A new budget passed in Canada will provide much-anticipated details about the future of the country’s clean hydrogen production.
Helping kickstart the green energy transition outlined in the Fall Economic Statement, the budget will enable Canada to compete globally against other countries that are accelerating clean hydrogen production.
This critical investment in a growing source of energy will help create good middle class careers, ensure that Canadian companies can remain globally competitive, and encourage the use of clean energy to reduce pollution.
As part of the budget, the Government will invest CAD$1.5bn into the Clean Fuels Fund to encourage investment into the production of clean fuels, including hydrogen and biofuels. It will also introduce a significant tax credit for hydrogen production in Canada – at least 40% if all conditions are met.
The Clean Hydrogen Investment Tax Credit (ITC) aims to be a direct competitor with the US Inflation Reduction Act and place Canada as a world leader in renewable energies. The ITC must be coupled with contracts for difference (CfDs) as part of the Canada Growth Fund to make the country genuinely competitive with the US’ proposals.

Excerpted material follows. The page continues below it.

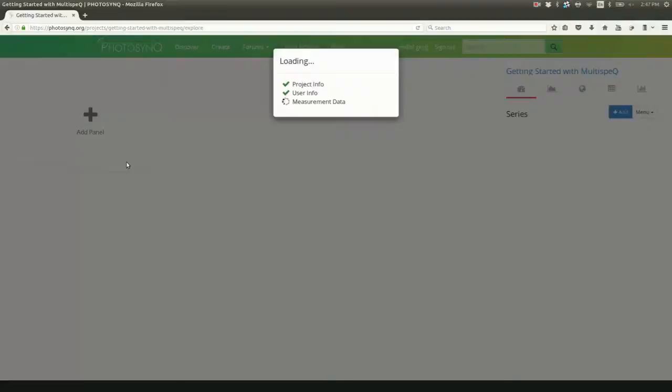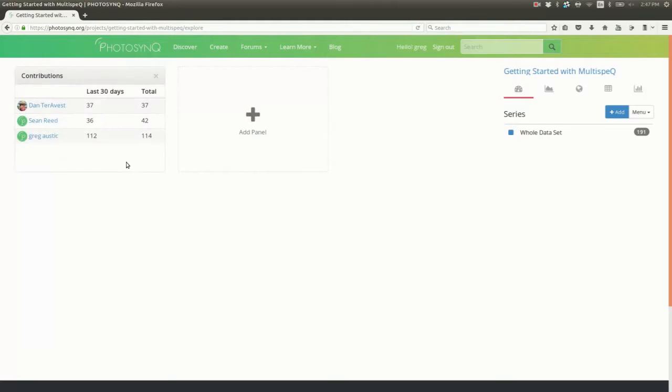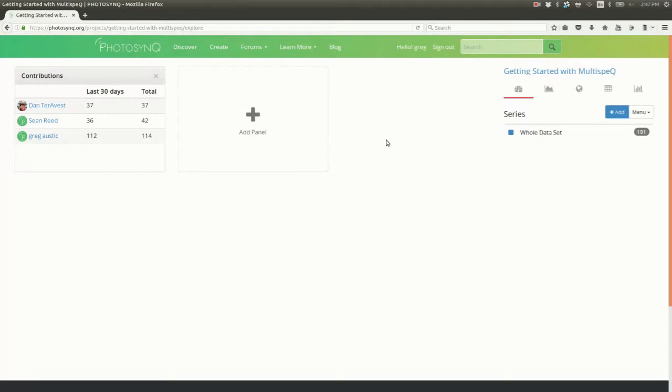Alright, the data is done loading. This is the Data Explorer. It's a powerful tool with lots of features. I'm just going to describe a few to get you started.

The ITC is expected to cost CAD$5.6bn over five years, beginning in 2023-24. Between 2028-29 and 2034-35, it is expected to cost an additional CAD$12.1bn.
The importance of CfDs in attracting clean energy investments
CfDs are not just about de-risking investments for project developers; they are also an investment vehicle which can return funds to the Canada Growth Fund as the global market for clean hydrogen production develops.
With many of the ITC details confirmed and a broad framework set for the launch of the Canada Growth Fund, efficient implementation of CfDs will be crucial to ensuring that Canada attracts clean energy investments, such as World Energy GH2’s CAD 16B Project Nujio’qonik on the west coast of Newfoundland and Labrador.
World Energy GH2 commits to remaining engaged with Finance Canada as it finalises the details of the eligible capital costs under the Clean Hydrogen and the Clean Technologies ITCs.
Canada’s place in the renewable energy sector
As a longstanding exporter of energy, it is crucial for the Canadian economy to be at the forefront of new solutions, such as clean hydrogen production, as the world transitions towards net zero.
John Risley, a Director at World Energy GH2, stated: “All of Canada wins when clean energy wins. Budget23 sets the right conditions for establishing a multi-billion-dollar clean hydrogen production sector in Atlantic Canada.
“Our project will be one of the largest private-sector investments in the region’s history, and there is still more to come.”
He continued: “Canada has committed to helping our European allies transition to cleaner energy supplied by stable countries. This commitment was reflected in German Chancellor Olaf Scholz’ and European Commission President Ursula von der Leyen’s visits to Canada.
“Now, it is time to make good on that promise and deliver our first shipments of clean hydrogen in 2025. Budget23 sends a signal across the Atlantic that our allies can count on Canada,” Risley concluded.